■ TASK DETAILS
Write every line of the material again exactly, with no pictures in the copy.

■ COLLECTED DATA
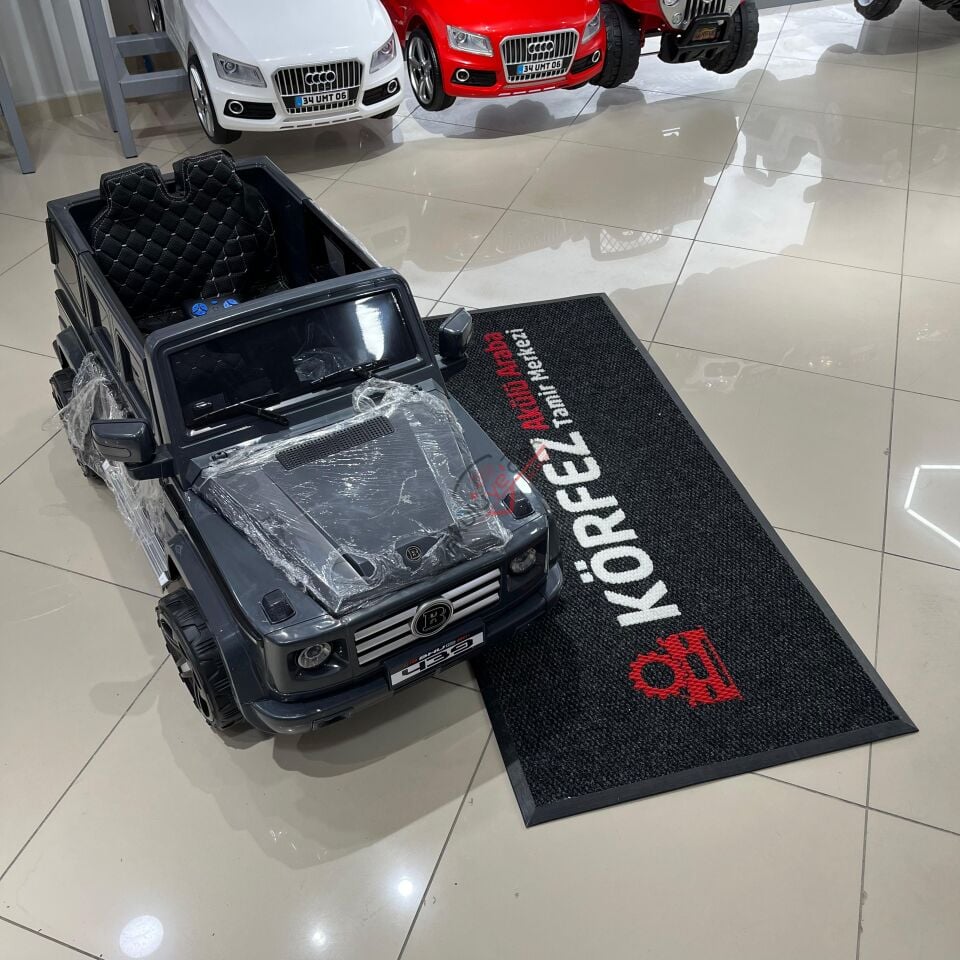 439 BHU12 AKÜLÜ JEEP 12V KUMANDALI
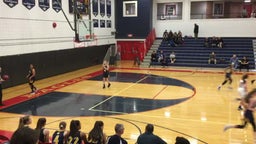 Cailean Nolan's highlights Eastchester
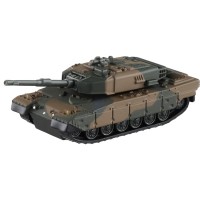 TD Tomica-Premium No. 03 JSDF Type 90 Tank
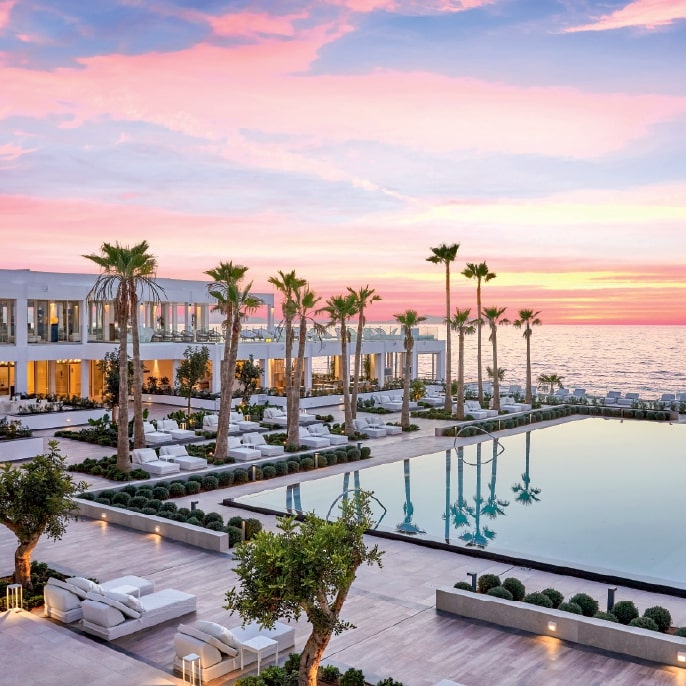 Grecotel Lux Me White Palace, Crete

■ THE ANSWER
 439 BHU12 AKÜLÜ JEEP 12V KUMANDALI
 Cailean Nolan's highlights Eastchester
 TD Tomica-Premium No. 03 JSDF Type 90 Tank
 Grecotel Lux Me White Palace, Crete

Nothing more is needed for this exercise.